Gehen oder bleiben? Das ist die Frage, die sich die jungen Spanier Cristina (24) und Velmar (30) stellen. Ein Pro und Contra.

Gehen oder bleiben? Das ist eine Frage, die sich viele junge SpanierInnen in diesen Tagen wohl häufig stellen. Bild: dapd

GEHEN! Die meisten aus meinem Freundeskreis sind schon ins Ausland gegangen: Nach Deutschland, nach Frankreich, nach Großbritannien, in die USA, zwei sind sogar nach Australien ausgewandert. Jeder, der heute die Uni abschließt, kann gut Englisch sprechen. Keine Fremdsprachenkenntnisse zu haben, das kann sich niemand mehr leisten. Wer kann, der geht, vor allem natürlich die Leute, die studiert haben und hohe Ansprüche an ihren Arbeitsplatz stellen.

Ich habe gerade mein Studium abgeschlossen, Industriedesign. Da lernt man, wie man Möbel gestaltet, Haushalts- oder Elektrogeräte. Also Sachen, die von Verbrauchern genutzt werden.

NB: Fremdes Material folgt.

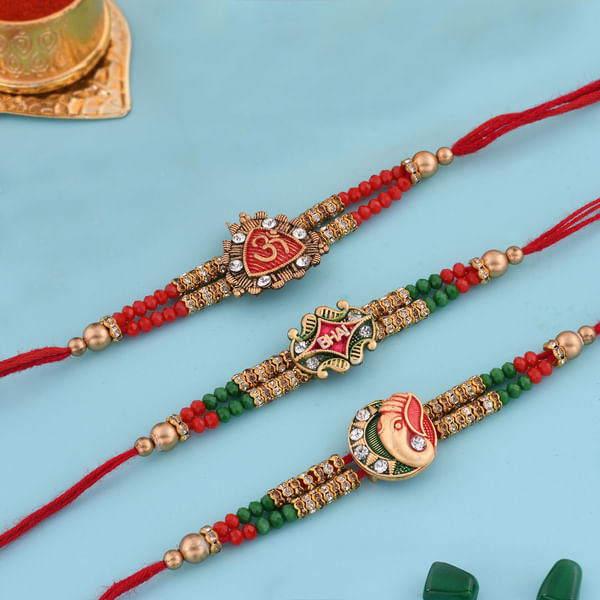 Divinity Antique Metal Rakhi (Set of 3)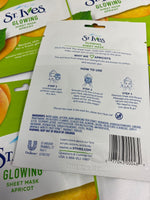 (6) St. Ives revitalizing Sheet Mask Apricot Face Hydrate Fresh Glow Single Use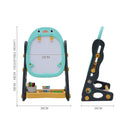 Livingandhome Double-Sided Adjustable Drawing Magnetic Easel with Board Games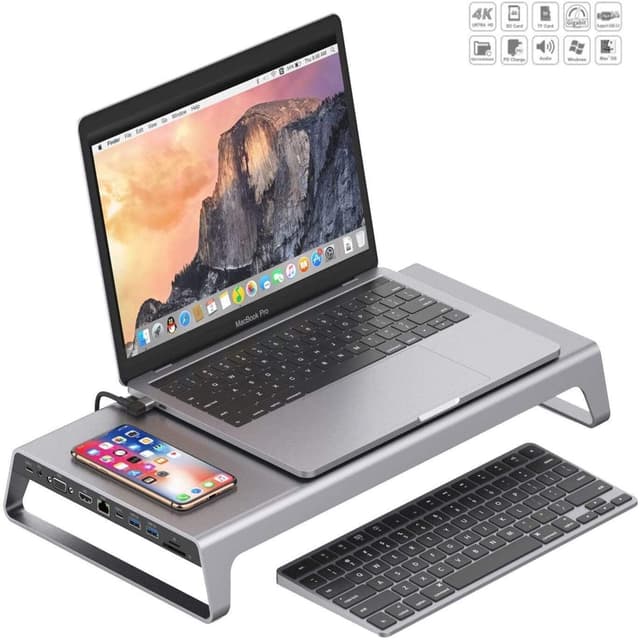 Aeelue Type-C Multi-Function Dock Station USB C HUB Base Multifunction 11 in 1 Hub Wireless Charging for Notebook Laptop MacBook Air/Pro HUB to HDMI/VGA/PD/SD/TF/RJ45/USB 3.0/USB-C Converter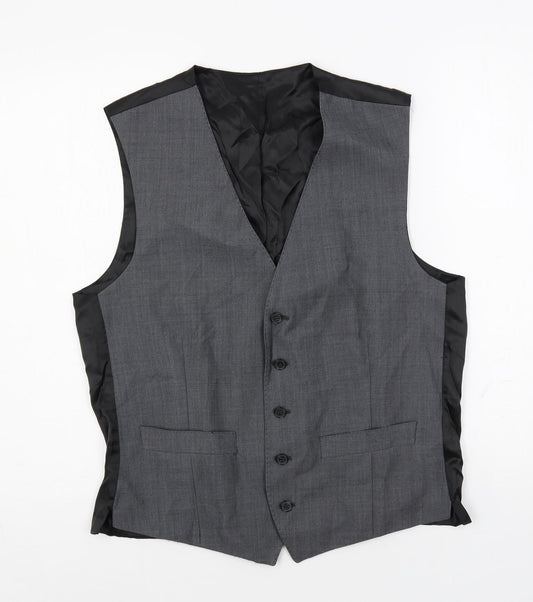 Racing Green Mens Grey Polyester Jacket Suit Waistcoat Size 40 Regular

Ich habe einen guten Abschluss – einen Job habe ich bislang trotzdem nicht gefunden. Als ich anfing zu studieren, sah alles noch ganz rosig aus: Die Berufsaussichten waren gut, wer damals seinen Abschluss gemacht hatte, der bekam immer einen Job. Während des Studiums gab es dann jedes Jahr mehr Absolventen, die es nicht mehr so einfach hatten. Und ich dachte: oh je.

Im Juli bin ich dann mit einer Reihe von Praktika fertig geworden, die ich über ein Jahr lang gemacht habe. Ich hatte eigentlich gehofft, danach etwas zu finden und hier in Spanien bleiben zu können, aber danach sieht es derzeit nicht aus. Die Situation ist gerade so instabil, man weiß überhaupt nicht, was die Zukunft bringt. Wird es besser? Wird es noch schlechter? Bricht alles zusammen? Überhaupt Arbeit zu finden ist schon schwer, und dann noch eine, die mich interessiert …

Mit diesem Gedanken habe ich auch im vergangenen Jahr angefangen, Deutsch zu lernen. Englisch und Französisch spreche ich schon, während meines Studiums habe ich ein Auslandssemester in den Niederlanden verbracht. Gerade mache ich einen Intensivkurs am Goethe-Institut in Barcelona. Jetzt kann ich darauf hinarbeiten, mich auf Deutsch bewerben zu können. Denn nach allem, was man hier hört, werden in Deutschland Arbeitskräfte gesucht. Dafür muss ich natürlich die Sprache können.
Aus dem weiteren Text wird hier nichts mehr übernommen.